__Listed entries__:

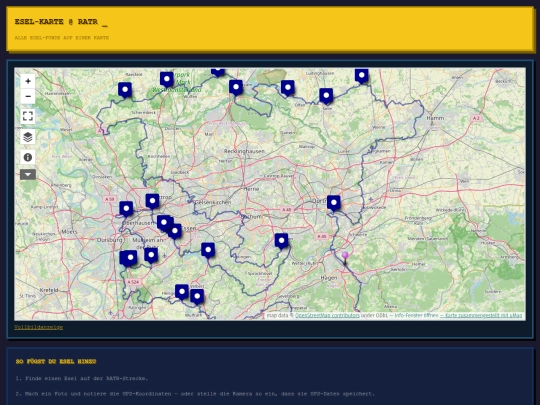 karte screenshot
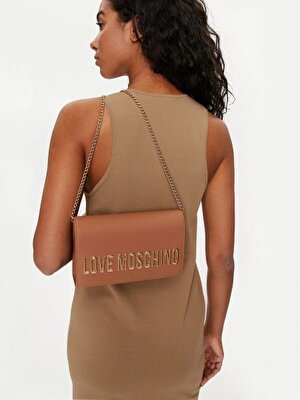 BORSA PU GRS CAMMELLO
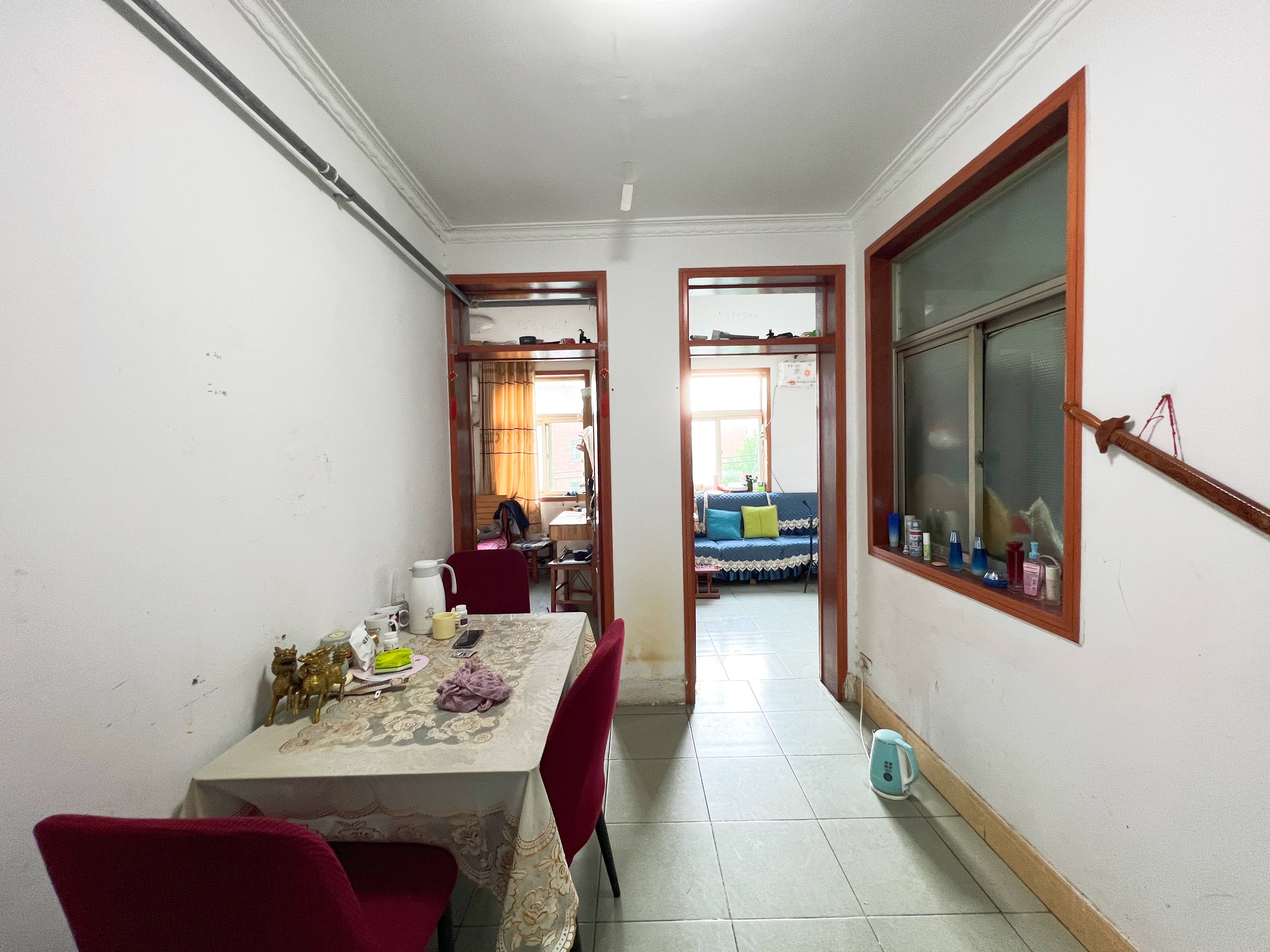 工人新村南村东区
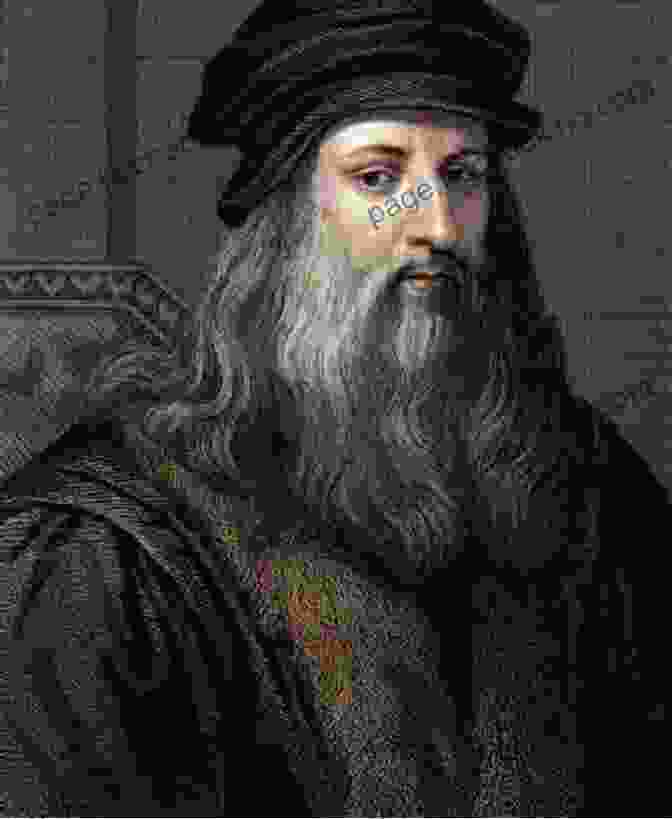 Leonardo Da Vinci, The Quintessential Renaissance Man, Was A Painter, Inventor, Engineer, And Scientist Whose Genius Transcended The Boundaries Of Art And Science Famous Men Of The Middle Ages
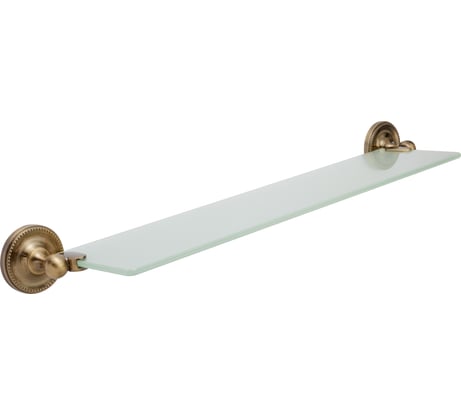 Стеклянная полка Fora Real FOR-RE034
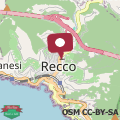 Carte La Recchellina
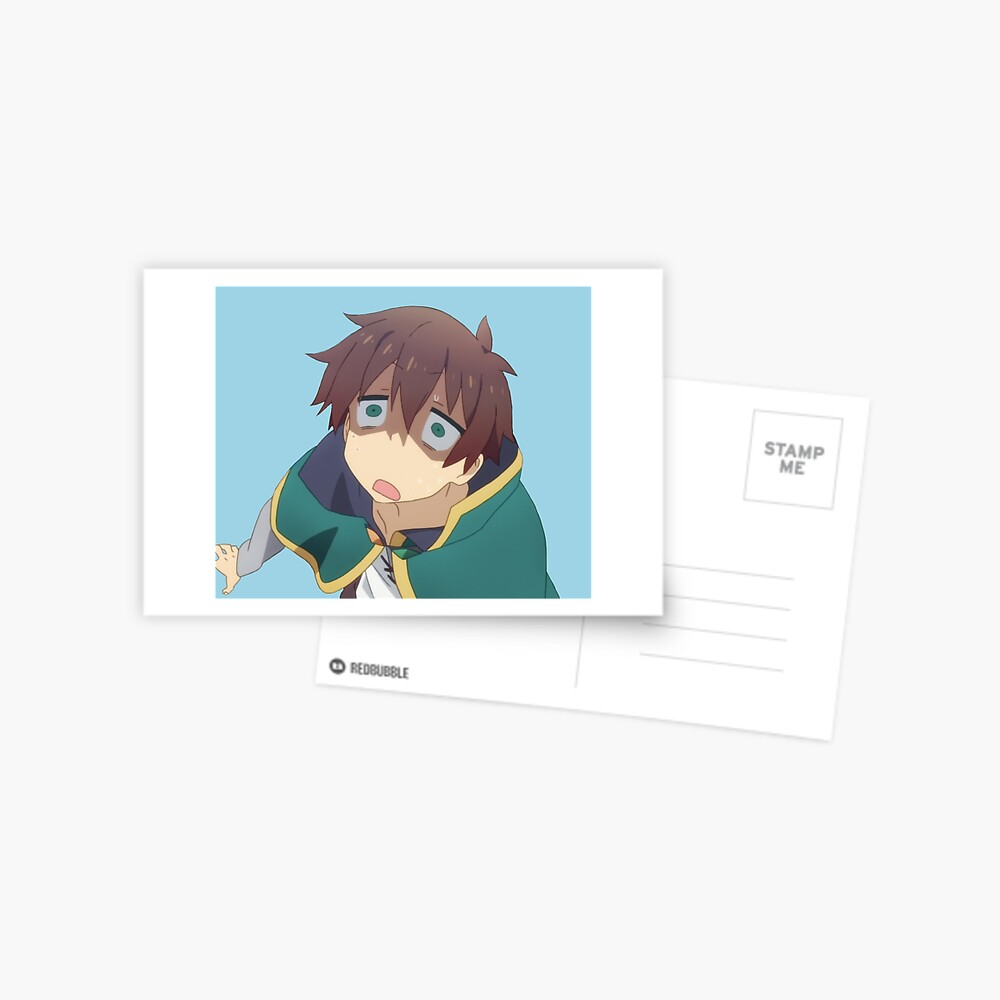 Kazuma KonoSuba  Magnet for Sale by Charleston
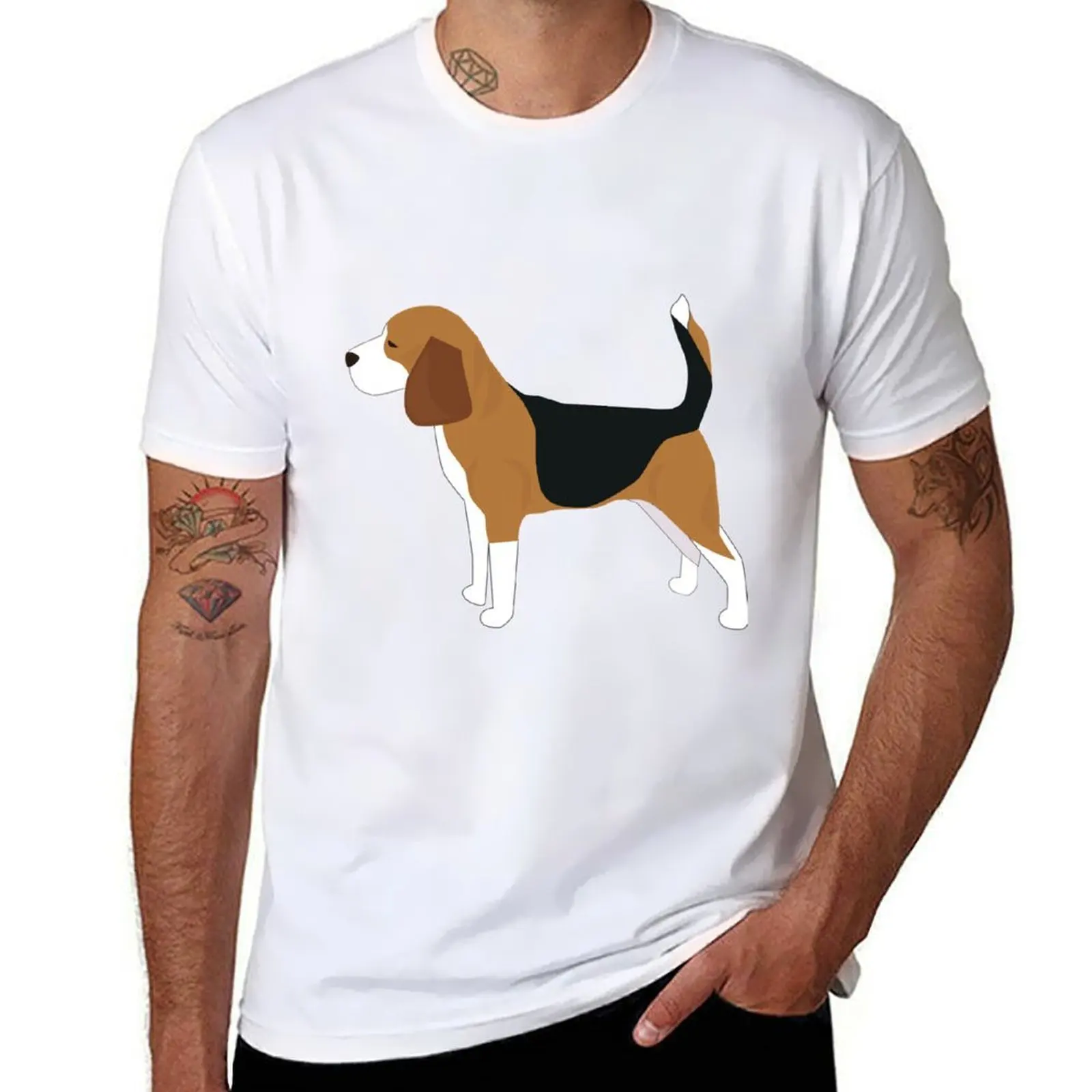 Beagle T-Shirt t shirt man plain essential t shirt T-Shirt
Beagle T-Shirt t shirt man plain essential t shirt T-Shirt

__Problem statement__: Output the entries above exactly as given, but strip out the pictures.

__Task solution__:
 karte screenshot
 BORSA PU GRS CAMMELLO
 工人新村南村东区
 Leonardo Da Vinci, The Quintessential Renaissance Man, Was A Painter, Inventor, Engineer, And Scientist Whose Genius Transcended The Boundaries Of Art And Science Famous Men Of The Middle Ages
 Стеклянная полка Fora Real FOR-RE034
 Carte La Recchellina
 Kazuma KonoSuba  Magnet for Sale by Charleston
 Beagle T-Shirt t shirt man plain essential t shirt T-Shirt
Beagle T-Shirt t shirt man plain essential t shirt T-Shirt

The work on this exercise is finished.